Frescobaldi, Herrick, John Playford, pot-pourri baroque et invitation à la danse : L’Europe du XVIIème défile dans le Stingo Music Club
La canopée en flammes crépitait dans les derniers rayons éclairant la vallée du Douron, au cœur du petit Trégor : à la faveur du dernier jour à l’heure d’été, le crépuscule avait tardé à nous interrompre dans une première récolte de châtaignes et de chanterelles, heureux présage d’un automne fructueux. Entre chien et loup nous avions rejoint l’atelier de Guillaume Castel, bric-à-brac incroyable où se mêlent matériaux informes, objets bientôt détournés, outils hétéroclites — du plus fin pinceau au palan gigantesque — et œuvres à tous stades de finition. Une fabbrica de la matière, là où elle prend forme.
L’endroit nous était familier, les œuvres aussi : quasiment un an jour pour jour avant, l’atelier avait déjà été choisi par Son Ar Mein, association dont les louanges ont déjà été chantées dans ces pages, dans sa quête d’endroits remarquables du patrimoine bâti du petit Trégor pour y donner à jouer toutes sortes de musique, particulièrement musiques ancienne et contemporaine. C’était pour un concert de kora et guitare, dont les lignes mélancoliques avaient envoûté nos oreilles bretonnes maritimes, rompues aux voyages lointains. La mer, loin d’être un vide ou un obstacle qui sépare, est un fluide qui circule et rapproche les terres et les peuples. Balles de coton, de café, de cacao entassées sur un port, charriées par les mêmes bras, là noirs et ici blancs. Épices d’ailleurs, rythmes de là-bas, chants épicés fredonnés en rentrant au pays. Dans l’amoncellement de l’atelier, nous avions ressenti l’industrieuse résonance de ce fluide circulant de matières premières, de matériaux bruts, de notes sèches et de chants clairs. Au printemps, quelques sculptures étaient sorties de leur capharnaüm originel pour aller décorer le lit du Douron, lors d’une balade musicale dont Son Ar Mein a le secret, bravant les tristes augures météorologiques qui ne savent pas que la musique qui s’élève empêche la pluie de tomber.
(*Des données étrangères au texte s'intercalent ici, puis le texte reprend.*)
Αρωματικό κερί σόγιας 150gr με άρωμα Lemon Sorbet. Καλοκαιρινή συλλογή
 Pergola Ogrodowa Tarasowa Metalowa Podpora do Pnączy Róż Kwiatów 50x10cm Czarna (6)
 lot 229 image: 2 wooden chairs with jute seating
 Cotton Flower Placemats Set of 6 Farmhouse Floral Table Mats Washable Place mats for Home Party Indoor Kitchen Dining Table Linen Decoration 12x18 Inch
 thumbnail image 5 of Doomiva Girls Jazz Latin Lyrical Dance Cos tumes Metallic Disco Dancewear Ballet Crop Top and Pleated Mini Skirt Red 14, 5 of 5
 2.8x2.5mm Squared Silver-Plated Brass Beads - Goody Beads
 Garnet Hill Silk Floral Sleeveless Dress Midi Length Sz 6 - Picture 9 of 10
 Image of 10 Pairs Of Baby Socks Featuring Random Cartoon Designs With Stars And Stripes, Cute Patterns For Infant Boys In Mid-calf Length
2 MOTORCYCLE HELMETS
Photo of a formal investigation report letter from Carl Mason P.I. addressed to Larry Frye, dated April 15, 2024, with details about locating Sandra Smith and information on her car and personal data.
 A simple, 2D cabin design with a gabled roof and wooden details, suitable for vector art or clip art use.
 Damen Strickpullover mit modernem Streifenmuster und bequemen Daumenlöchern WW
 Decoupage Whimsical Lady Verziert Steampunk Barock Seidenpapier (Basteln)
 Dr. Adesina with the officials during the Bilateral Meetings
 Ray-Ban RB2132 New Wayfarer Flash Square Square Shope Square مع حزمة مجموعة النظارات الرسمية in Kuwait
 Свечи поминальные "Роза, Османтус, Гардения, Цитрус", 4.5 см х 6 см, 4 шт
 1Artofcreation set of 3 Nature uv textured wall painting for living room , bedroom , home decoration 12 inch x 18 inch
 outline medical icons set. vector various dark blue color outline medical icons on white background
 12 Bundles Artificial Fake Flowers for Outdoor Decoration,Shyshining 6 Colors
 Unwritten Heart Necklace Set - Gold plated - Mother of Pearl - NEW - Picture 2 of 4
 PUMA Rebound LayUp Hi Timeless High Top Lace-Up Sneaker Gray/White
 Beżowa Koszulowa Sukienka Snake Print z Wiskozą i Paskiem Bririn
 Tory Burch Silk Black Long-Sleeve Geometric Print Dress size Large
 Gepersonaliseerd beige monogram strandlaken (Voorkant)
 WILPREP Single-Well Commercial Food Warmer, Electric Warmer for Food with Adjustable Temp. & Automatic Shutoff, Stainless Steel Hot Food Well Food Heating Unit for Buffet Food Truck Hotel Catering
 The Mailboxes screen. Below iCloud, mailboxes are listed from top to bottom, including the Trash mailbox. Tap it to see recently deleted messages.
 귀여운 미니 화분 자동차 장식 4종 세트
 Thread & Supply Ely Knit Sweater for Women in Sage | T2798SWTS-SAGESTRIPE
Ce soir-là, à quelques heures de miz-du, ce mois noir de novembre qui laisse la nuit nous envahir et la pluie nous revenir, c’est pour un voyage entre l’Italie et l’Angleterre qu’un peu d’ordre avait été mis dans le fougueux atelier. Bancs bien alignés bientôt dépassés par une affluence imprévue, on rajoute des chaises, certains restent debout, las, de nouveau le chaos. Tant pis, sur la scène improvisée se placent théorbe, guitare, viole de gambe, violon, flûtes, psaltérion, percussions. Instruments anciens, chuintement du boyau. Ouverture par un combo baroque anglais dominé par un mari trompé. L’Europe du XVIIème défile, une passacaille de Frescobaldi nous prend la main vers un poème de Robert Herrick, chut, Purcell entre: Music for a while dans un arrangement pour voix et violon.
John Playford met en musique fuggi, fuggi, fuggi (An italian rant), et ouvre le bal : danse de Mantoue, gigue écossaise, les fourmis montent dans nos jambes d’une danse à l’autre. Stingo, ballade anglaise qui a donné son nom à l’ensemble, réjouit l’âme et fait une transition inattendue avec une version baroque de My baby don’t care. Les musiciens respirent le bonheur de jouer ensemble, se regardent, se sourient, semblent danser en même temps que jouer et chanter : la musique de l’English Dancing Master porte en elle ce mouvement des corps. Tandis que les notes de chaque instrument s’organisent en un chant commun, la matière s’éveille, s’ébroue, les objets se parlent, les outils s’affairent et les sculptures monumentales aux formes et couleurs élémentaires s’animent et se déclinent, comme par enchantement. Le chant d’un oiseau en bis, vin chaud avant de plonger dans la nuit de miz-du, en attendant le solstice.
Stingo Music Club, musique anglaise du XVIIème.